Regardless, the ladies seem to like cleanshaven Aaron. “Hello!” I said to one of the young ladies in my research group this morning. “Oh god!” She said, her voice thick with disgust in the way that a bagel might be thick with cream cheese.

The worst was Dr. Mo, a young lady of Chinese extraction who is in our group. After the group meeting, she pulls me aside. “Why?!” She demands. “I liked your beard. It hid your face.” She puts her hand on my shoulder, as though consoling me. “Hopefully it grows back, fast. Ugh.”

Damn you people. I’m just going to bring back the furious muttonchops, the way I like, and you picky jerks can just deal with it.


The Worst Diet Ever: Update

March 13, 2010

In December, I was sitting at a red light at 69th and Market streets, and the Police pursued a stolen minivan straight into my car.  I try and make light of it, but the best I can do is to refer to it as the worst diet in the world. I’d have lost 220 pounds in an eighth of a second. A spot slower on the brake pedal, and I’d be a bad smell right now. And yes, it still sometimes bothers me.

My insurance company wouldn’t pay because I didn’t have collision. They told me the other guy wouldn’t pay because his car had been stolen, and he wasn’t driving. The Philly police haven’t told me squat (other than that they don’t have to pay, because they’re the police.) I guess they’re afraid that if I know who almost killed me over a 1999 Pontiac fucking Silhouette, or why he did it, I’d go to his house and shoot him.
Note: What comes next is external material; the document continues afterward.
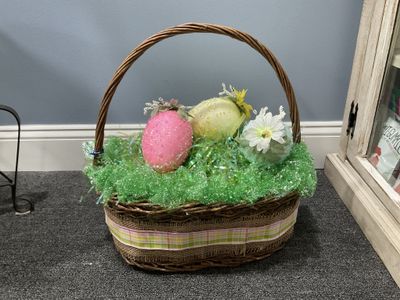 W-MNFT Centerpiece Easter Basket w/3 Large Eggs in Grass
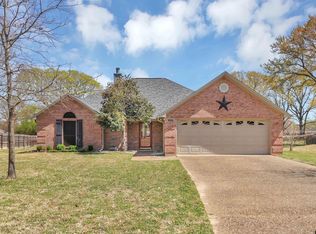 314 Briarcrest Dr, Chandler, TX 75758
I’m not going to lie. The thought has occurred to me. The ‘no-snitching’ policy is one the PPD probably needs to continue.  I wouldn’t shoot him, probably, but I’d mail his pets to him bit by bit. Call me passive aggressive, I suppose.  Anyway. Imagine my surprise when my insurance company called and gave me the VIN, plate number, and owner of the stolen minivan. It turns out that rather than me suing the thief, the owner’s insurance company will pay me, and then they will sue the thief. Here’s to hoping that damnable Gecko keeps his end of this bargain.

Oh. The name of the minivan’s owner? Jesus deJesus. I think it’s Spanish. I guess it just goes to show no one is safe.